I think it was 70 , I was 12, Nitty Gritty Dirt Band as they went by back than. at a Hippy love in . Me and 2 friends snuck in . It was weird, Lots of strange things going on.
It was a daytime thing at a rink in the neighbourhood  lol

But first concert I paid Money for was Dr. Hook and the Med Show. 73/74  Fantastic time. All the band members ran off stage and let Dennis Locorriere by himself and he said now what do I do , so he sat there and sang Sylvia's Mother.
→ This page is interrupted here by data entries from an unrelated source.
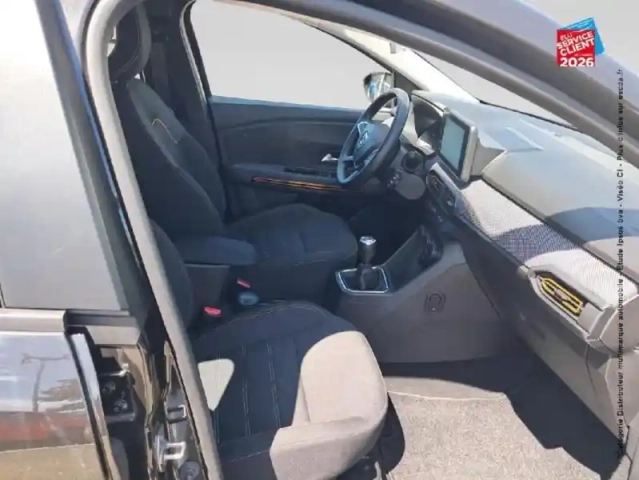 Dacia Sandero 1.0 tce 90ch stepway confort -22 — photo 5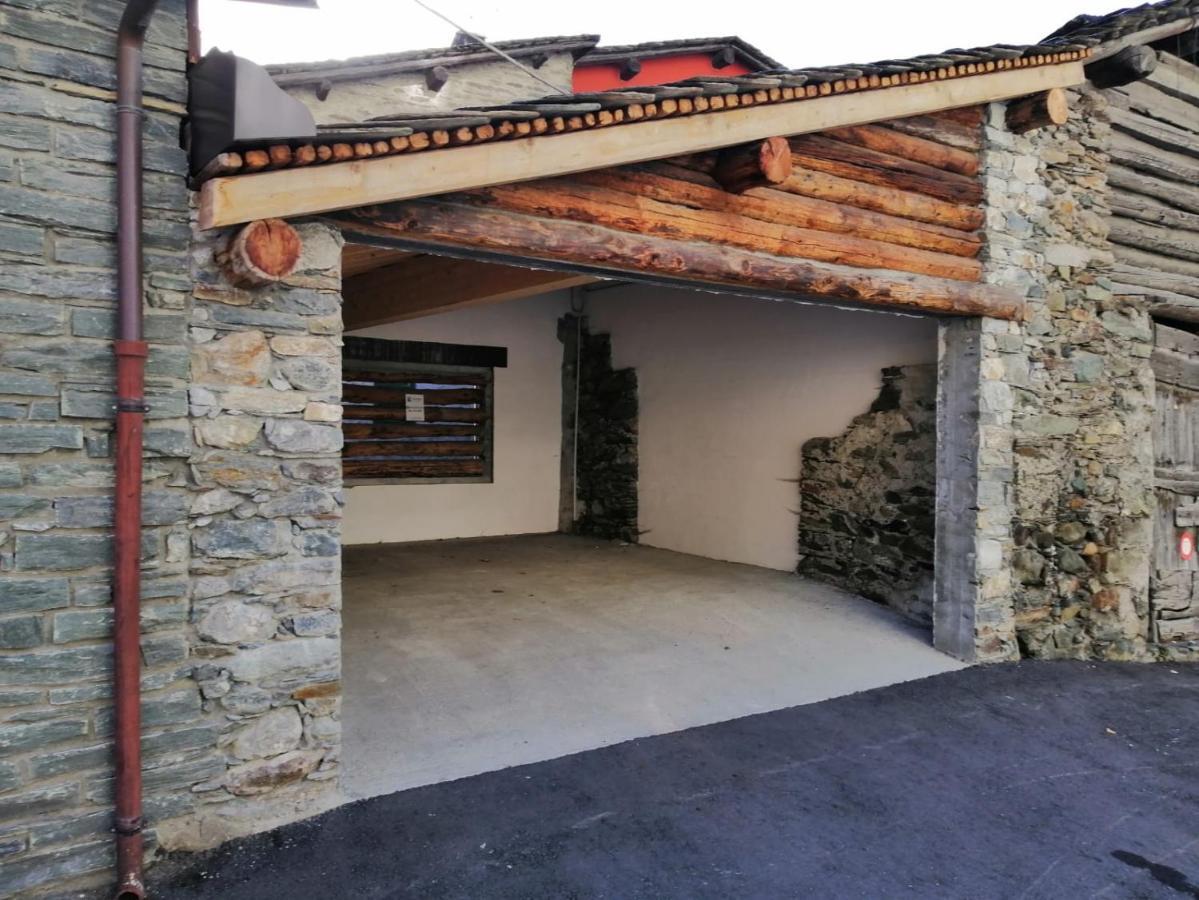 Ca Giuel Lägenhet Chiesa in Valmalenco Exteriör bild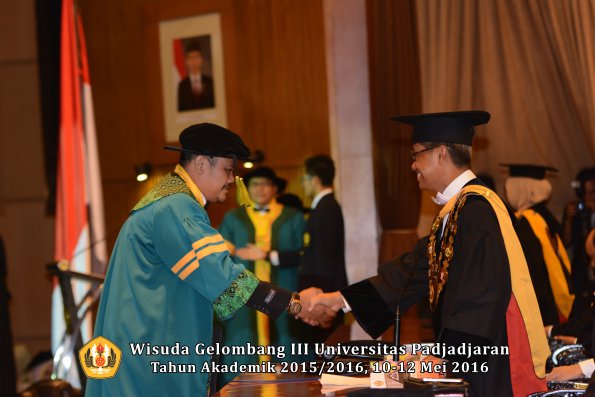 Wisuda Unpad Gel III TA 2015_2016  Fakultas Kedokteran oleh Rektor 125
One of the few songs I can play on my guitar.

David


----------



## oscar (Oct 24, 2022)

Damn, some of you are older than I thought.  Mine was The Cars in '81 or so, followed by Journey in the Carrier Dome.  I've still got ticket stubs to 80 plus concerts since then.  Today....couldn't drag me to see Bruce, Willie, or any other favorites if there are more than fifty seats in the house.....rather listen under the pavillion with the smoker going and a few friends.  Guess I tired of crowds, but glad I liked them back then.  Btw, Rush was the best ever in a large venue, but James McMurtry and John Prine in small settings were my favorite.


----------



## clifish (Oct 24, 2022)

Early 80's Chicago (when they were more brass than singing) at the Jones beach theatre on Long Island.  Other memorable ones where Pink Floyd in Syracuse,  Van Halen,  David Lee Roth and the later combo of him with Sammy Hagar (Hagar blew him away)


----------



## noboundaries (Oct 24, 2022)

Joe Cocker, early 70's, Chattanooga TN.


----------



## forktender (Oct 25, 2022)

I was 12 yrs old, my favorite Aunt and Uncle took me because they knew how much I like the bands playing.

Led Zeppelin, Derringer, and Judas Priest, a day I will never forget I was in Oakland CA July 23, 1977.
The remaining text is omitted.